* [Work instruction] Could you transcribe the entries below exactly, starting at the line that contains "Dressage Sport Horses" and stopping at the last line, without any pictures?

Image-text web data
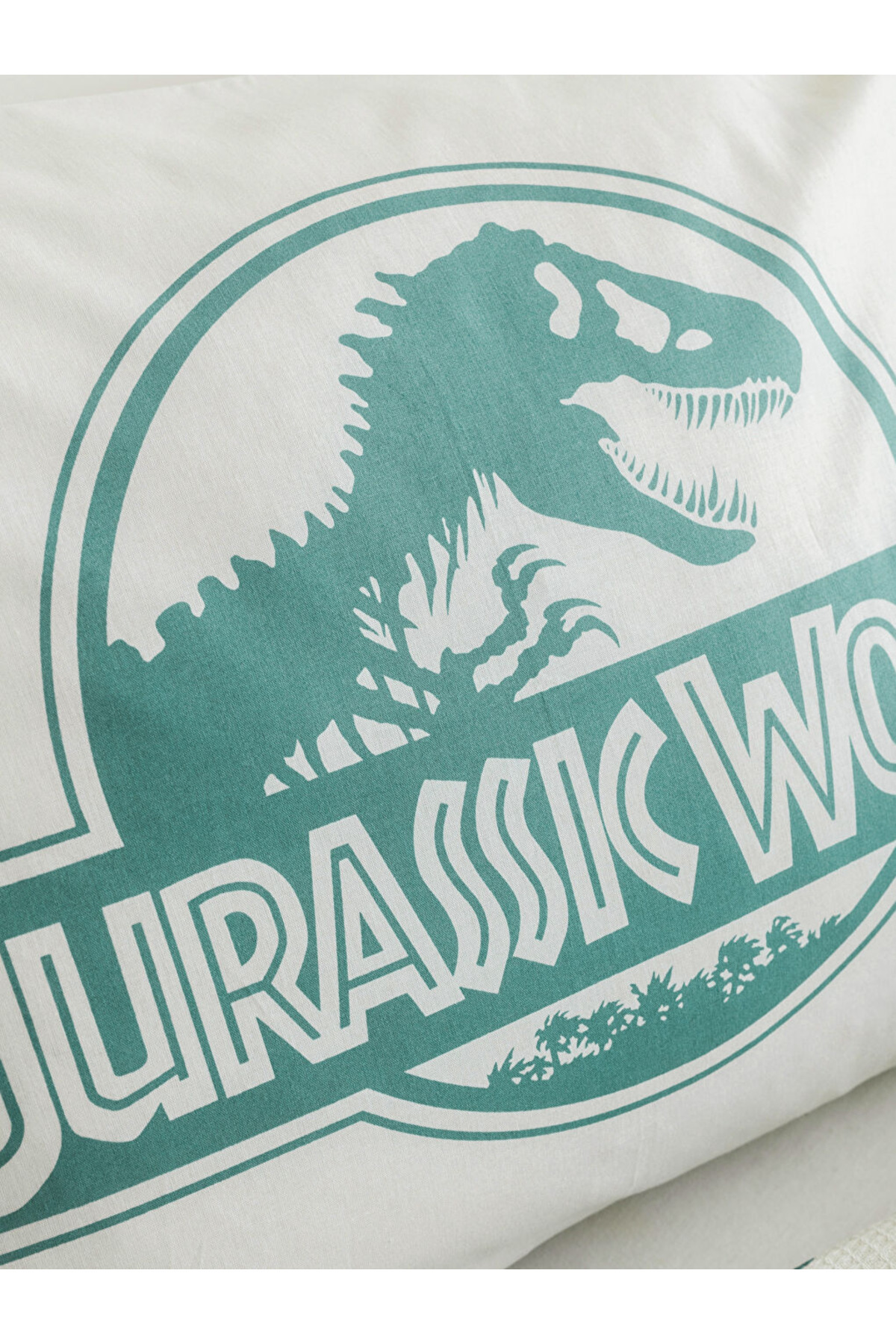 LC Waikiki-Lcw Home Mixed Dinosaur Printed Single Child Pique Set 4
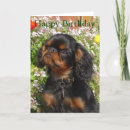 Suche nach könig karten König charles spaniel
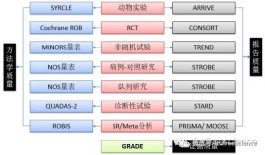 dy流量网站：引流工具or风险炸弹？流量质量与合规性成焦点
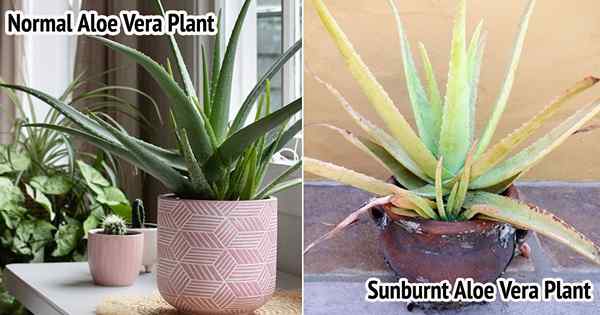 Sunburnt Aloe Vera Gejala Tanaman dan Cara Menghidupkannya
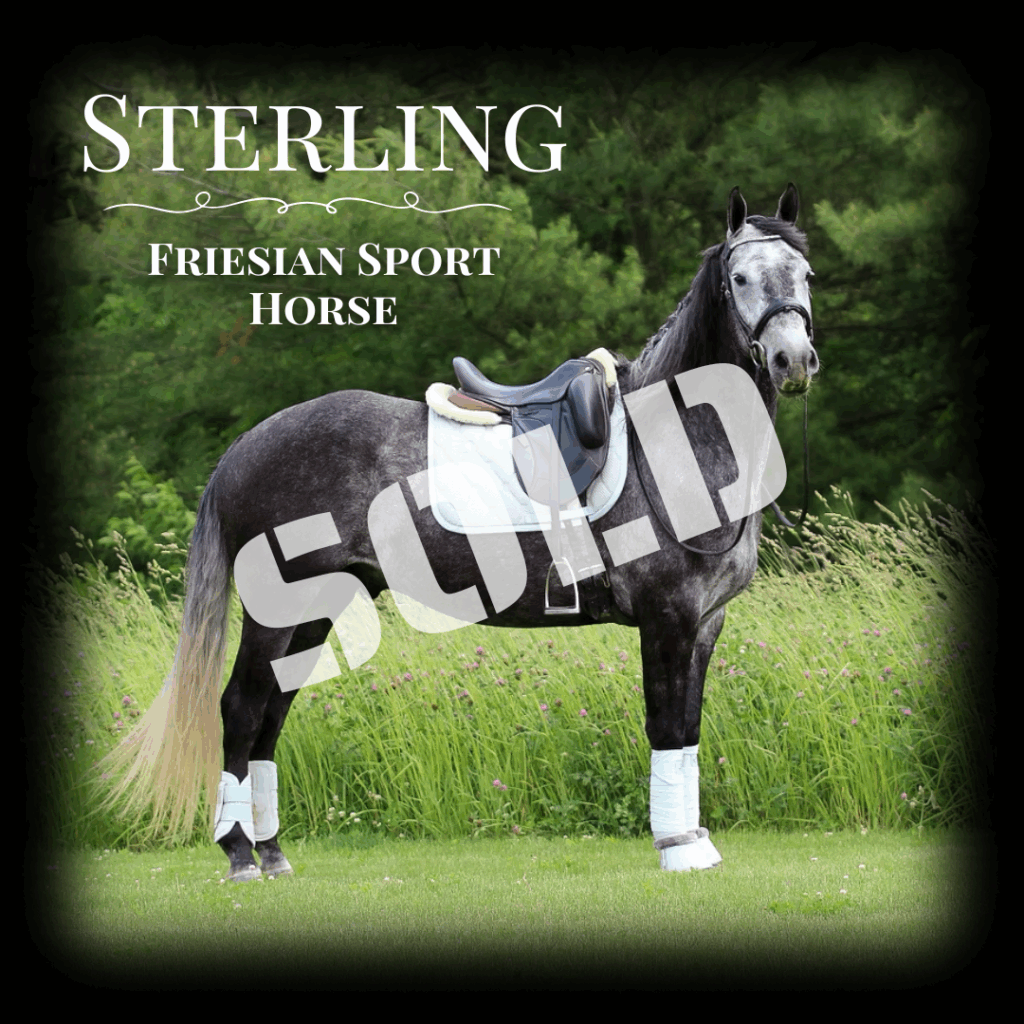 Dressage Sport Horses For Sale Indiana, Illinois, Michigan, Ohio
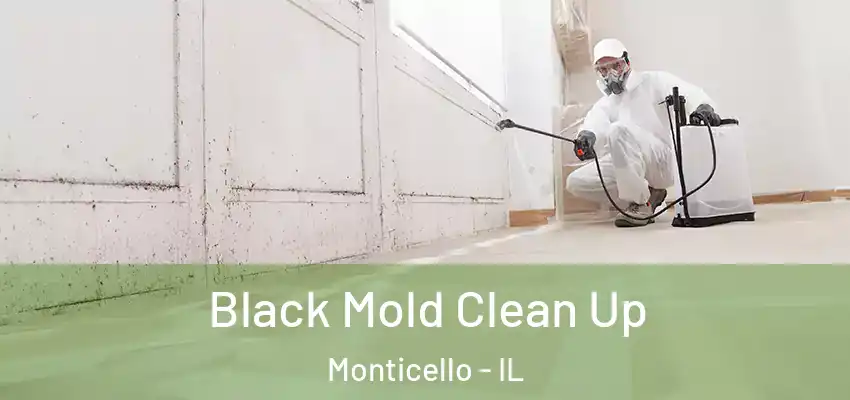  Black Mold Clean Up Monticello - IL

* [Solved exercise]
 Dressage Sport Horses For Sale Indiana, Illinois, Michigan, Ohio
  Black Mold Clean Up Monticello - IL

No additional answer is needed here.